The details of how Rust's stages interact is fairly complex, but this explains the basic reason Rust has to be compiled three times. These three stages are necessarily serialized, which does nothing to help its own compile time.

(Un)virtuous cycles

In the Rust project we like processes that reinforce and build upon themselves. This is one of the keys to Rust's success, both as a language and community.

As an obvious, hugely-successful example, consider Servo. Servo is a web browser built in Rust (technically it's still just a browser "engine"), and Rust was created with the explicit purpose of building Servo.

Rust and Servo are sister-projects. They were created by the same team (initially), at roughly the same time, and they evolved together. Not only was Rust built to create Servo, but Servo was built to inform the design of Rust.

The initial few years of both projects were extremely difficult, with both projects evolving in parallel. The metaphor of the Ship of Theseus comes to mind: we were constantly rebuilding the ship we were sailing, constantly rebuilding Rust in order to sail the Servo ship. There is no doubt that the experience of building Servo with Rust while simultaneously building Rust itself led directly to many of the good decisions that make Rust the practical language it is.

As just one example of the Servo-Rust feedback loop, the decision to drop green threading from Rust was heavily informed by the huge amount of FFI required to integrate SpiderMonkey into Servo, and green threading kills FFI performance. In fairness though, not everyone one the Servo team was thrilled about this Rust decision at the time, since it made writing massively-multithreaded code more challenging, though I hope they agree in retrospect that it was the right one.

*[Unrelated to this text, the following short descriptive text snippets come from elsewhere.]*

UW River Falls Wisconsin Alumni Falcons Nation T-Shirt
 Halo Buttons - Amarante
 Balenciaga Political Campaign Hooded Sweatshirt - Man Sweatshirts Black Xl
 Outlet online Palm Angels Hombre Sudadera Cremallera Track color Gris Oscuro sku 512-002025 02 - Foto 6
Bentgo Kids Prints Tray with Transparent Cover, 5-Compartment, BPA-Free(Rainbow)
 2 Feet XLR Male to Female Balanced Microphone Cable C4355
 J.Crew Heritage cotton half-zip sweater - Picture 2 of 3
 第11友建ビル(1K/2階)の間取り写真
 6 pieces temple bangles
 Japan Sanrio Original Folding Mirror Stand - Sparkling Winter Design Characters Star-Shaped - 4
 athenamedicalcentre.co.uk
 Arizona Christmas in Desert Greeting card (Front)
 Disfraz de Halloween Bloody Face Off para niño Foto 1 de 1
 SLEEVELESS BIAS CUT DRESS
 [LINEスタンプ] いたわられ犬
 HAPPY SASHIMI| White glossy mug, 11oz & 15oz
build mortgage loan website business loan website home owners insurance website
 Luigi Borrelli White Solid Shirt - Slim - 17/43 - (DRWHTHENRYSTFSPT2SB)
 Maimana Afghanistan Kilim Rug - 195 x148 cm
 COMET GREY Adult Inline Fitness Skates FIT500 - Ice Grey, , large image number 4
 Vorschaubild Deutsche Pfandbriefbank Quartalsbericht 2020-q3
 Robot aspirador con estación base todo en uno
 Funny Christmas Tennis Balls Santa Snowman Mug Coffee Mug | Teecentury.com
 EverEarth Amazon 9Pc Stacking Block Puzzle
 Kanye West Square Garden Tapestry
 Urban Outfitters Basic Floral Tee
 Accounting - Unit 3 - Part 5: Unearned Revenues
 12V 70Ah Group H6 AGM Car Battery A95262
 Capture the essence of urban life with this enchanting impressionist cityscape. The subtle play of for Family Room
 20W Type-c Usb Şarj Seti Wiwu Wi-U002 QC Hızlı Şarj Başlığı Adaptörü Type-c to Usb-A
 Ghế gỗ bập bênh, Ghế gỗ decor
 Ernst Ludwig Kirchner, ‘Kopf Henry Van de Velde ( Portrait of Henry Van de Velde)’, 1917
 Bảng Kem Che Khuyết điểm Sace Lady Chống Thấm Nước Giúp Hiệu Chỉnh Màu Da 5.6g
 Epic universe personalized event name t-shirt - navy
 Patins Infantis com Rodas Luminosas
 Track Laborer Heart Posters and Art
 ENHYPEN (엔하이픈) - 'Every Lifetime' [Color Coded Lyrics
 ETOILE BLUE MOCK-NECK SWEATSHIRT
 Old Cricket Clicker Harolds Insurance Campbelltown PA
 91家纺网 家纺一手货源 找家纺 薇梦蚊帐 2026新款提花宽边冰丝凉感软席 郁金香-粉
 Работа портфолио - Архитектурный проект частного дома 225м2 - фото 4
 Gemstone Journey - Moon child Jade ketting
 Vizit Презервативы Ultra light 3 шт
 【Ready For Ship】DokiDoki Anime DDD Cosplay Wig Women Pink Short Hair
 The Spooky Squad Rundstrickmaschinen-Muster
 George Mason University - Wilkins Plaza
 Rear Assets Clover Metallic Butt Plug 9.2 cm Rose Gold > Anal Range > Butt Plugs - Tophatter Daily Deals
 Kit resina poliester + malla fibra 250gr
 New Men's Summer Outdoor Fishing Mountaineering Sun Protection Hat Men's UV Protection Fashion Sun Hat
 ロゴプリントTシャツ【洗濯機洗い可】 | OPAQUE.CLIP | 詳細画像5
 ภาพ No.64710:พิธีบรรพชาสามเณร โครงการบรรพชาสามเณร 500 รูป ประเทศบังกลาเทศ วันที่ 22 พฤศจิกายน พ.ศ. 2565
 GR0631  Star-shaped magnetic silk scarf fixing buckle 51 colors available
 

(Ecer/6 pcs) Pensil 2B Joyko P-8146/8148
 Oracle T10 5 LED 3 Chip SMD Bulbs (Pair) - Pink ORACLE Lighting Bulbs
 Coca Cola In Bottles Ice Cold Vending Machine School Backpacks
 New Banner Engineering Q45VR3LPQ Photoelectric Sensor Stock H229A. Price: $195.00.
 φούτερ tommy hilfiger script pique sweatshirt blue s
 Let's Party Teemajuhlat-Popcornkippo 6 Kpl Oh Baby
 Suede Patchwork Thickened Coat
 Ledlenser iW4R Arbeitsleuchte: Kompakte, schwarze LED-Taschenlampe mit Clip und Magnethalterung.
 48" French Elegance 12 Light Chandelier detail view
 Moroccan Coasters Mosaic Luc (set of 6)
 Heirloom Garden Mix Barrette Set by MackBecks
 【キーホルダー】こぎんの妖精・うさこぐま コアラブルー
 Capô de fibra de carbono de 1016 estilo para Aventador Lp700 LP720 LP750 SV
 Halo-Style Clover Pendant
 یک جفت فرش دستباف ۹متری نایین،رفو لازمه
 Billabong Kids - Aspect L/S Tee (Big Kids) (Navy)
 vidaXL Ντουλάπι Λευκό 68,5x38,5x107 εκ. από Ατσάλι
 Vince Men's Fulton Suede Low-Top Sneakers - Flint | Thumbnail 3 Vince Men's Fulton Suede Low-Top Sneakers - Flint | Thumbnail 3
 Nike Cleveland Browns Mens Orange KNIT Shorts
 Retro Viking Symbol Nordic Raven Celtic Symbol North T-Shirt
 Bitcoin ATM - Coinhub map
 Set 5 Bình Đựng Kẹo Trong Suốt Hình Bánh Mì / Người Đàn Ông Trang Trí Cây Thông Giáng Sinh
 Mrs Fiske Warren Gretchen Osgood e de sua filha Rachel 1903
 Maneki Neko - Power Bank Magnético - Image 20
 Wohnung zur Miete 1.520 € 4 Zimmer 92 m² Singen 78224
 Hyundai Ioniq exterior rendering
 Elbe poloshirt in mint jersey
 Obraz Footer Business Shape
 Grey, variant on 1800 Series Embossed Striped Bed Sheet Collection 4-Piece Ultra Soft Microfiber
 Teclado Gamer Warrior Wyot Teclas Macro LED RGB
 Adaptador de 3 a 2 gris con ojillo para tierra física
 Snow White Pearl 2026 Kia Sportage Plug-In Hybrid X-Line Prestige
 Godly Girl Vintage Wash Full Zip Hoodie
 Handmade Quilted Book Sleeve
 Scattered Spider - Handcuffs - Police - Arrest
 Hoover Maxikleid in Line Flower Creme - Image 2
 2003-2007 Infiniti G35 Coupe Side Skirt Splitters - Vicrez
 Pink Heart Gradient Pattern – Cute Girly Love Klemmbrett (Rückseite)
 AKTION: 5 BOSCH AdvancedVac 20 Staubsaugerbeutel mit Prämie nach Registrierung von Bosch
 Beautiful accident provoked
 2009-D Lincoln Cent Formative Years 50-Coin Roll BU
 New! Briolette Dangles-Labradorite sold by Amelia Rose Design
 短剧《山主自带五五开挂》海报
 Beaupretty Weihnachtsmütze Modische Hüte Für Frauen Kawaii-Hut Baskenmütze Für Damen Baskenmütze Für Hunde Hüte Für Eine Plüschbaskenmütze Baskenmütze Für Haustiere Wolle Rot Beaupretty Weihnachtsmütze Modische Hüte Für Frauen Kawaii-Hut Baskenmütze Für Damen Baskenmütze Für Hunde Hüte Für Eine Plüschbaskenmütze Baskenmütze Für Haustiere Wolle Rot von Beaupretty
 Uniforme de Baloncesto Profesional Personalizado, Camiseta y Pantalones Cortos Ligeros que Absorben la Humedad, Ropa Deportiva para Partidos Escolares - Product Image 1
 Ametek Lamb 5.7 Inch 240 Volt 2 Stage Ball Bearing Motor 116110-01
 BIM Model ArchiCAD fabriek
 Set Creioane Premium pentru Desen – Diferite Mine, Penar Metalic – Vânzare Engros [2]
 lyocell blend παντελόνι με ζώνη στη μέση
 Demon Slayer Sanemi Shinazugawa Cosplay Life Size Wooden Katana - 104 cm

The co-development of Rust and Servo created a virtuous cycle that allowed both projects to thrive. Today, Servo components are deeply integrated into Firefox, ensuring that Rust cannot die while Firefox lives.

Mission accomplished.

Sadly there was no such reinforcement to drive down compile times. The opposite is probably true: the more Rust became known as a "fast" language the more important it was to be "the fastest" language; and the more Rust's developers got used to developing their Rust projects across multiple branches, context switching between tasks as I described earlier, the less pressure was felt to address compile times.

That is, until Rust was actually released to production and met by a wide audince that was not used to such abhorrent compile times.

For years Rust slowly boiled in its own poor compile times, not realizing how bad it had gotten until it was too late. It was 1.0. Those decisions were locked in. It was boiled.

A lot of metaphores in this section! Sorry, I'm not usually like that.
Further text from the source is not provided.